Control Systems and Computers, N4, 2024, Article 4

Control Systems and Computers, 2024, Issue 4 (308), pp. 

UDK 681.3.062

Marchenko Oleksandr O., Doctor(physical and math), professor, head of the department, International Research and Training Center for Information Technologies and Systems NAS and MES of Ukraine, Glushkov ave., 40, Kyiv, 03187, Ukraine,  omarchenko@univ.kiev.ua

Nasirov Еmil М., PhD(physical and math), senior Researcher, International Research and Training Center for Information Technologies and Systems NAS and MES of Ukraine, Glushkov ave., 40, Kyiv, 03187, Ukraine,   enasirov@gmail.com

Volosheniuk Dmytro O. PhD(technical), head of the laboratory, International Research and Training Center for Information Technologies and Systems NAS and MES of Ukraine, Glushkov ave., 40, Kyiv, 03187, Ukraine, p-h-o-e-n-i-x@ukr.net

Building the Ukrainian-language Training Dataset for Determining the Sentiment Analysis of Texts

Introduction. Every day, the number of news, pages on social networks and chats on the Internet is increasing, accordingly, there is an increase in information that carries an emotional load. At the same time, the number of information threats is also growing. Under such conditions, the construction of systems for determining the emotional color of texts becomes extremely relevant.

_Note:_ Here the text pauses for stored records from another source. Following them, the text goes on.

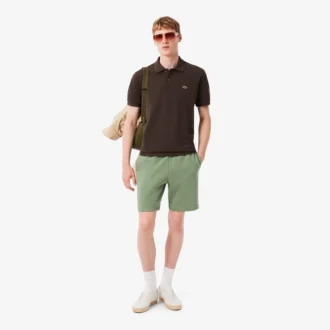 Pantaloncini in pile da uomo dalla vestibilità regolare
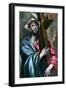Christ Clasping the Cross, 1600-1610-El Greco-Framed Giclee Print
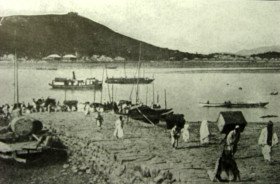 1904년 제물포 앞바다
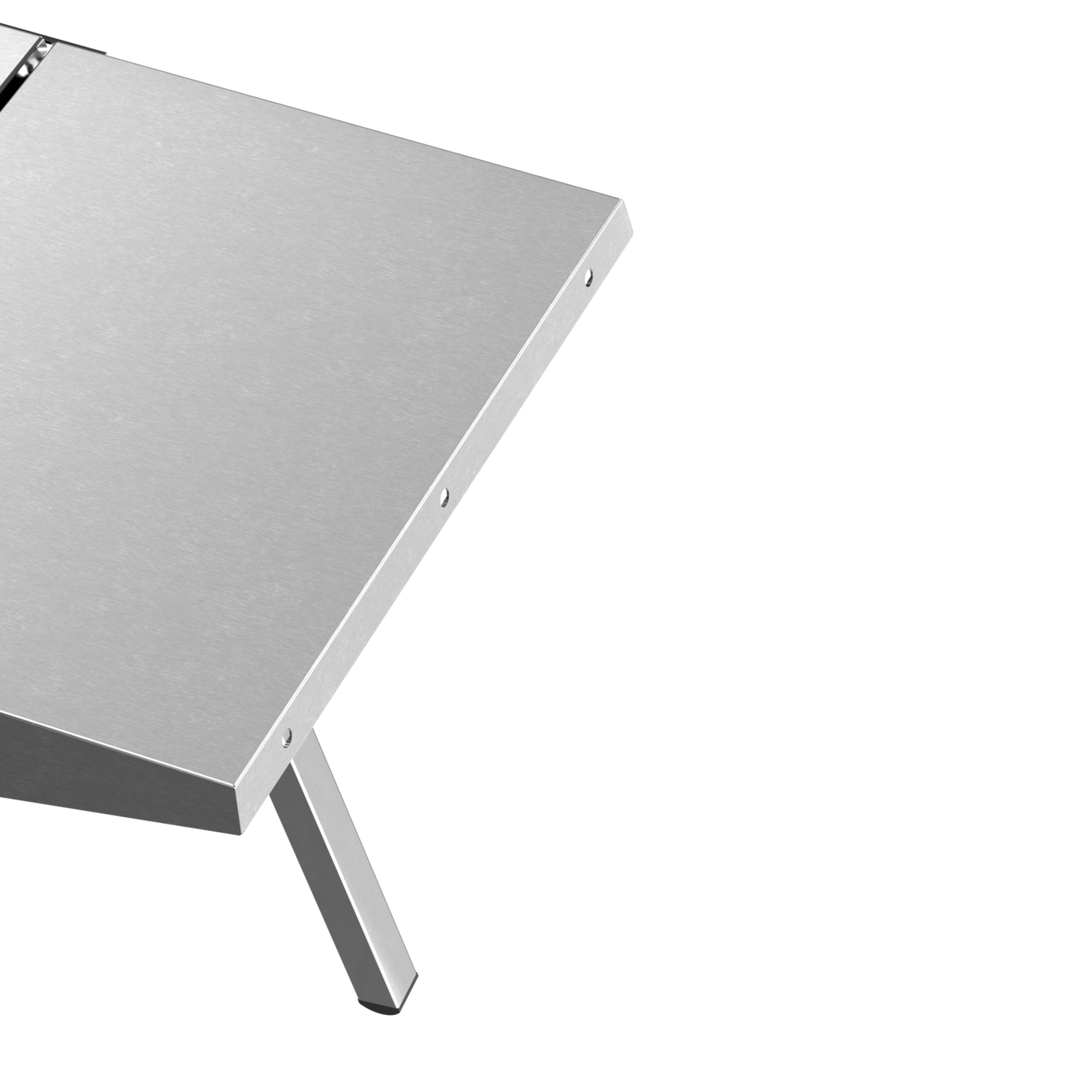 LHRIVER Food Grade 304 Stainless Steel BBQ Grill Table, Adjustable Legs BBQ Grill Stand for Tabletop Griddle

Purpose. Emotional messages can be found and classified using artificial intelligence, namely based on neural network methods. For the process of learning neural networks, it is necessary to have a training sample of texts with a preliminary assessment of their emotional coloring. Such marked learning samples exist for news and texts in English, however, at the moment, no accessible learning sample of Ukrainian news and texts has been created.

Methods. Using statistical methods of sentiment analysis for detecting text tonality with extended vocabulary.

Results. Extended tonality vocabulary of the Ukrainian language was built. A large corpus of texts and their emotional coloring was built with an expertly assessed markup accuracy of 98%, containing 5,318,783 texts of various types in the Ukrainian language.

Conclusion. The built text corpus can be used to train and test neural networks for sentiment analysis of Ukrainian-language texts.

Keywords: artificial intelligence, computational linguistics.